Jamais ils n’avaient été autant sur le devant de la scène. Retraites, impôts, santé : les seniors sont désormais dans toutes les discussions dès qu’il s’agit d’évoquer le déficit public. Et si la volonté politique de rallonger la durée de cotisation avant d’obtenir une pension à taux plein concerne avant tout les actifs, celle d’enlever l’abattement de 10% sur la déclaration de revenus, tout comme la hausse des complémentaires santé et la baisse des remboursements de la Sécurité sociale, les touche en premier lieu. Le tout sans que l’on se pose aucunement la question de la place de nos anciens dans le monde actuel.

Une aide non chiffrable, mais essentielle

Bien sûr, si l’on s’en tient à la simple question de leur productivité, ils ne sont plus que des poids morts. Mais c’est oublier leur position quasi-centrale dans notre société. A commencer par l’assistance fournie aux familles. Garde d’enfants, aide aux devoirs, transport jusqu’aux activités extra-scolaires : les grands-parents sont souvent sollicités. Ils apportent un soutien que la plupart des parents ne pourraient pas payer, et qui permet de travailler l’esprit tranquille. Sur le plan affectif, l’encadrement des enfants est aussi mieux assuré. Ne pas avoir d’ascendants près de chez soi pour aider est d’ailleurs devenu un véritable frein à la natalité. On ne compte plus les couples qui abandonnent ou limitent leur envie d’enfant par peur de ne pouvoir leur fournir ce dont ils ont besoin sans sacrifier totalement leur vie de couple et leurs propres hobbies.
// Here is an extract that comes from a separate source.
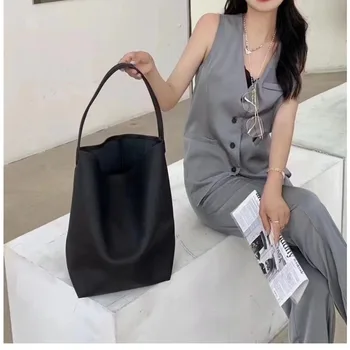 Женские сумки через плечо 2023, новые модные весенне-летние сумки из искусственной кожи большой вместимости, повседневные простые однотонные сумки для женщин - Изображение 1  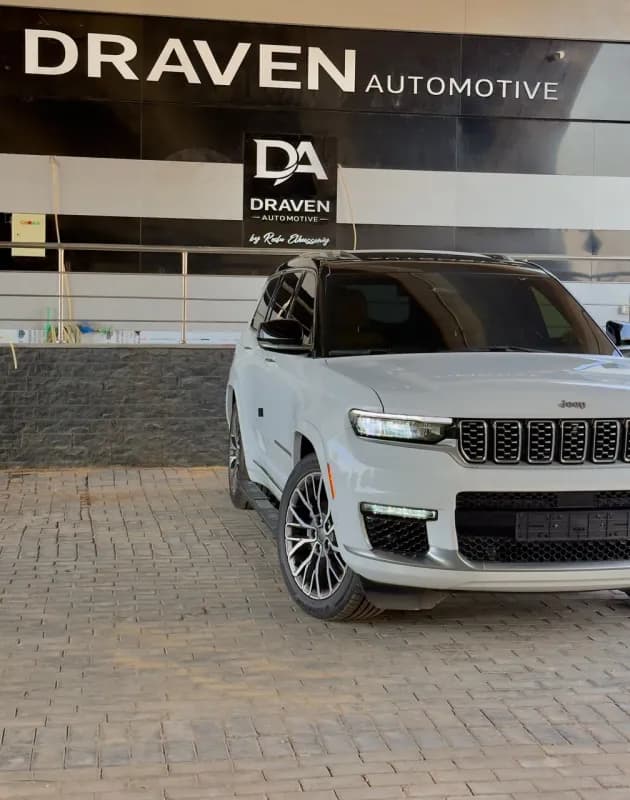 Jeep Grand Cherokee 2023 Summit White Automatic — Used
Si ces contributions sont difficilement chiffrables, l’aide pécuniaire directe l’a été. Ainsi, une étude de l’institut Opinion Way pour la Carac(1) explique que les retraités ont aidé leurs enfants et petits-enfants à hauteur de 158 euros par mois en 2023, auxquels s’ajoutent des coups de pouce ponctuels qui ont été en moyenne de 1307 euros en 2023. Ces sommes, déjà conséquentes, sont pourtant en très forte baisse (182 et 1718 euros en 2022) en raison de l’inflation et des incertitudes, notamment politiques, qui pèsent ces dernières années sur les retraités. S’ajoute enfin une aide plus abstraite, mais ô combien inestimable parce que rassurante, à savoir le recul et l’expérience que peuvent apporter les plus âgés en ces périodes troubles.

L’économie a besoin d’eux

Nos aînés ont aussi une vie en dehors du fait d’être parents, grands-parents, voire arrière-grands-parents. Et c’est heureux pour l’économie. Jugez plutôt : selon un rapport déjà ancien(2), les seniors ont réalisé 22,2 milliards d’euros de dépenses touristiques en 2014. Pour l’exemple, les personnes de 62 ans ou plus représentaient près d’un tiers des nuitées des touristes français. Établissements touristiques, commerces, restaurants, constructeurs automobiles : tous ont besoin des retraités pour vivre, et surtout de seniors avec un bon pouvoir d’achat. Sans parler des associations et des clubs sportifs qui ne survivraient pas sans leur implication bénévole.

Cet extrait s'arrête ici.